Nella tarda mattinata il nostro tuk tuk si arrampica con gran sobbalzare lungo l’accidentato percorso di una strada bianca che spezza la fitta vegetazione. Ai lati della corsia, nella boscaglia, accelerano il passo alcune iguane disturbate dal rumore. Raggiungiamo la cima del monte sul quale si erge il tempio di Galgoda Sailatalaramaya Maha Vihara, contenente la statua di un enorme Buddha che dorme sdraiato su un fianco. Siamo gli unici visitatori, e un monaco giovanissimo che non parla inglese dà alcune mandate di chiave alla serratura della stanza che ospita l’attrazione. Si accosta all’ingresso per farci entrare e lasciarci osservare il Buddha, che domina lo spazio con la sua presenza polverosa, tra la luce che filtra dalle finestre e l’odore di chiuso. È un posto decadente, ma emana un misticismo che i templi tirati a lucido e ben frequentati non possono garantire.

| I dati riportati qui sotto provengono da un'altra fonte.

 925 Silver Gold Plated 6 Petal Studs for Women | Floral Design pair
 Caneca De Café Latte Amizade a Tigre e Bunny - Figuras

Arriviamo a Hikkaduwa la sera. Ci accoglie nella sua guest house una signora tedesca, Tina, che vive in Sri Lanka da trent’anni, parla il cingalese e coniuga il rigore teutonico a una gestualità che tradisce i tre decenni di vita nell’isola. Passiamo qualche ora con lei e alcuni inservienti nella terrazza rialzata che domina la sua pensione, bevendo tè e scacciando le zanzare. Siamo gli unici clienti della struttura: il tempo dei monsoni non attira i turisti occidentali, che preferiscono la zona nei periodi in cui la spiaggia corrisponde all’immagine delle cartoline.

Io però l’oceano lo preferisco così: grigio, ornato di schiuma biancastra, che non risuona di nessuna chiacchiera se non quella delle onde. Domani ci attende Galle.